[responsive][/responsive]In order to consciously consume, one must be able to readily identify what one is consuming. If a grocery shopper wants a bunch of bananas, he looks for them in the produce department, in their typical yellow jackets. This works because we know, at a glance, what makes something a “banana.”
So it goes in the magazine industry. Readers know as soon as they pick it up what constitutes a “magazine.” Digital magazine readers, on the other hand, are facing a tremendous learning curve. The mass of online content — sometimes replicated from print, sometimes curated entirely differently, sometimes not curated at all but simply streamed – is not readily identifiable as “magazine.”
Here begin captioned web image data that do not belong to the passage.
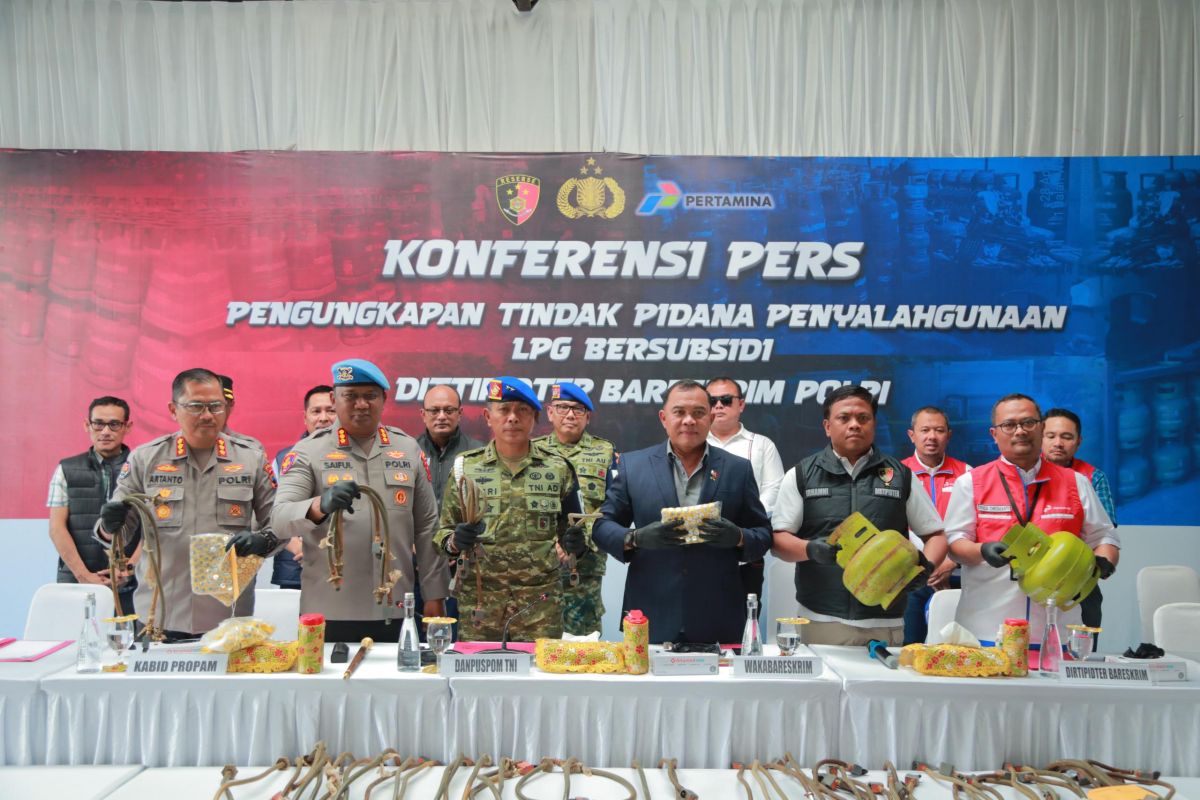 Bareskrim Uncovers Misuse of Subsidised LPG in Klaten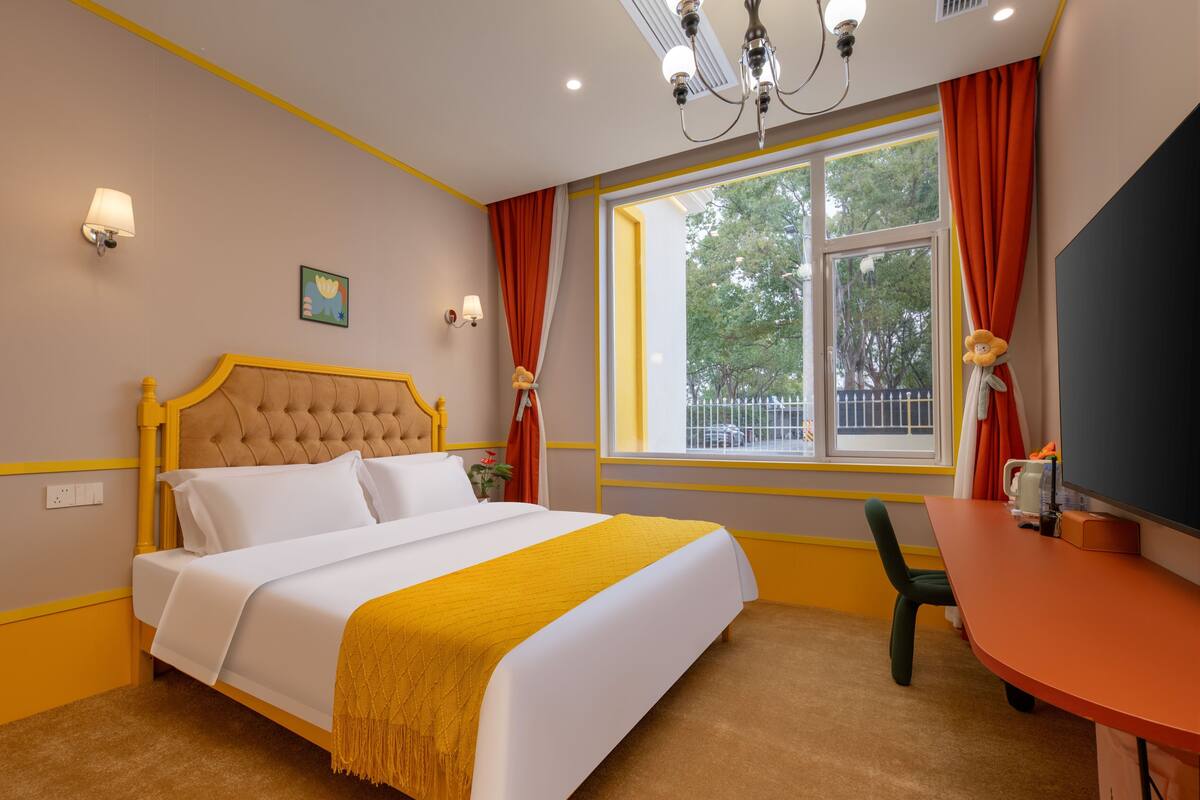 Luxe beddengoed, donsdekens, individueel gedecoreerd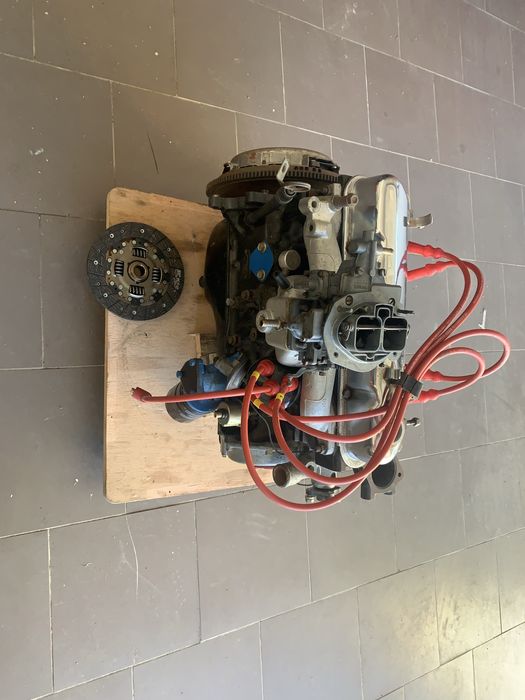 Motor crossflow 1300/ com material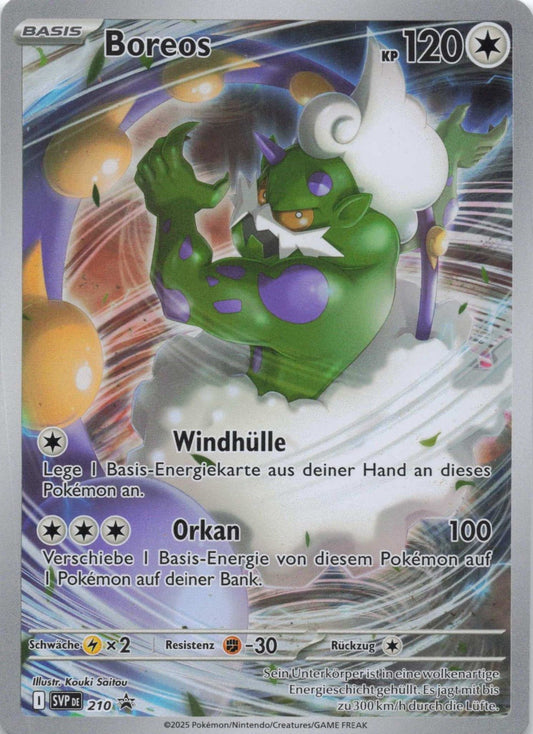 Boreos Promo Weiße Flammen 078 NM Pokemon TCG - Lachsnacken - Shop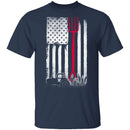 Farming Flag T-Shirt CustomCat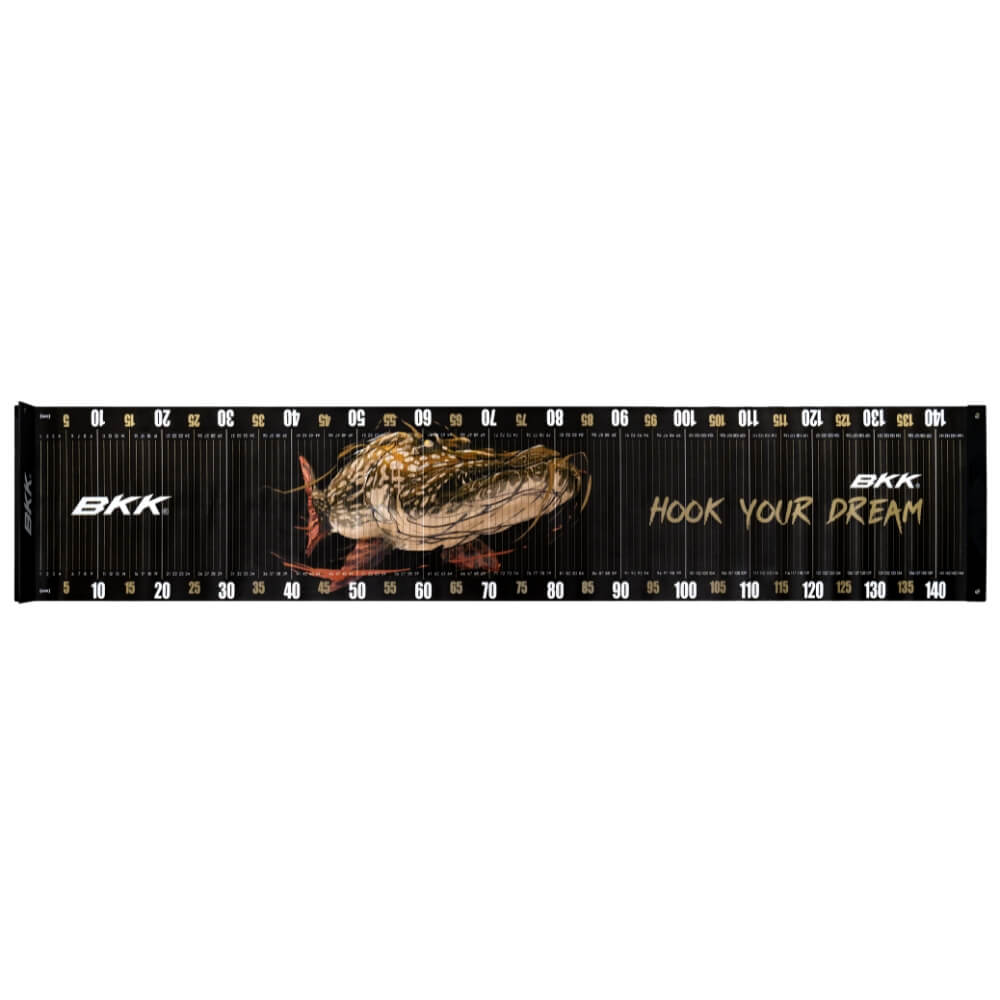 BKK Fish Measuring Tape Pike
So much so, in fact, that one digital content advocate has written a lengthy article to explain exactly what makes up the various types of digital magazines. It’s a well done and intelligent piece, but the very necessity of such a piece bolsters our opinion on how consumers view magazines.
“The greatest aspect relative to the use of the word magazine as part of a published brand name is that the publisher’s potential audience already understands the basic brand offering based on the connotation of the word magazine,” writes David Blankenship in the Advonte Media blog.
(Stay with us – that point is key…the audience already understands the basic idea of the word “magazine.”)
“Consumers immediately visualize the historic traditional or even modern digital edition paginated format of a publication when the word “magazine” is used to identify the media brand,” he continues, noting that the magazine element of the brand “remains the iconic periodic content based deliverable and the magazine website is the key access point and hub of the brand.”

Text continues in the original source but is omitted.